Primero fue la práctica de desnacionalización comenzada en la década pasada, y que se vio condensada y llevada a política de Estado con la Sentencia 168-13 del Tribunal Constitucional. Con ella no se atiende ningún problema migratorio ni la defensa de la soberanía, muchos menos de la dominicanidad, sino que se crearon dos nuevos y graves problemas: la aplicación retroactiva y abusiva de la norma (en este caso de 2010 hasta 1929) y el desconocimiento de la nacionalidad dominicana de decenas de miles de compatriotas nacidos y forjados en esta tierra como el que más. Esto es tan evidente, que no pudieron declarar inconstitucional la Ley 169-14, lo que no costaría nada si los fundamentos y la racionalidad de aquella sentencia se sostuvieran por sí mismos, a prueba de todo análisis, denotando su carácter político-coyuntural.

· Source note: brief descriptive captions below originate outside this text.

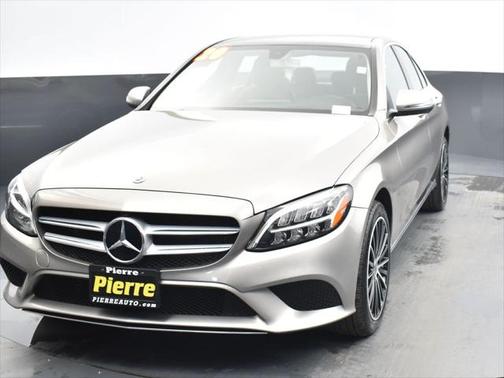 2020 Mercedes-Benz C-Class 4MATIC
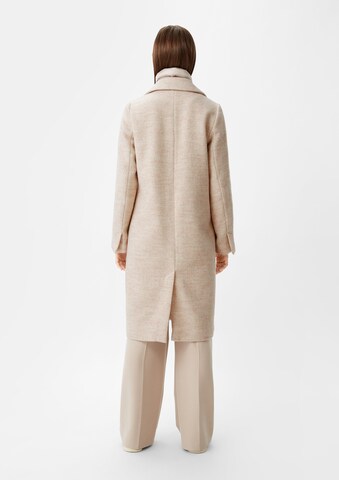 COMMA Between-Seasons Coat in Beige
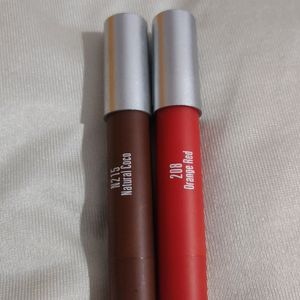 Swiss Beauty Lip Stain Matte Crayon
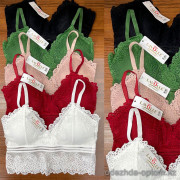 b2-a821-1 Lavolle Топ женский кружевной, один размер 44-46, 1 пачка (10 шт)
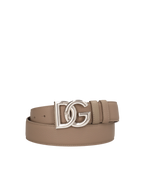 Calfskinv Dg Logo Belt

Luego, y como consecuencia de aquella Sentencia improductiva (son sus defensores y apologistas quienes la tildan de “defensora de la nación”), la resultante crisis de relaciones internacionales.  Se ha obstaculizado (ya casi totalmente) la posibilidad de un acuerdo comercial en serio y en grande con Haití, que el presidente Danilo Medina trataba de impulsar para el bien del desarrollo integral del país e, incluso, la seguridad nacional; se ha minado el progreso de las relaciones con la comunidad caribeña, en las cuales tanto esfuerzo había invertido el fallecido ex canciller Morales Troncoso en función de abrir mercados y oportunidades a Rep. Dominicana. Con esta crisis y la agitación de los fantasmas de conflictos irrelevantes, tanto de un lado como de otro de la frontera –a lo que de manera elegante pero contundente se refirió el presidente Medina en su discurso en la ONU-, no hay otro perjudicado que el pueblo dominicano, sus oportunidades de empleo, aumento de la producción, del comercio y por tanto de desarrollo y bienestar. Cuando Trujillo era el dueño del país este discurso servía, porque suyo era el monopolio del azúcar y mantenía a raya el costo de la mano de obra y la competencia de otros países cercanos, pero ya no hay monopolio ni el azúcar es mercancía principal, ni tiene mercados internacionales cautivos. Con esto sólo pierde el país.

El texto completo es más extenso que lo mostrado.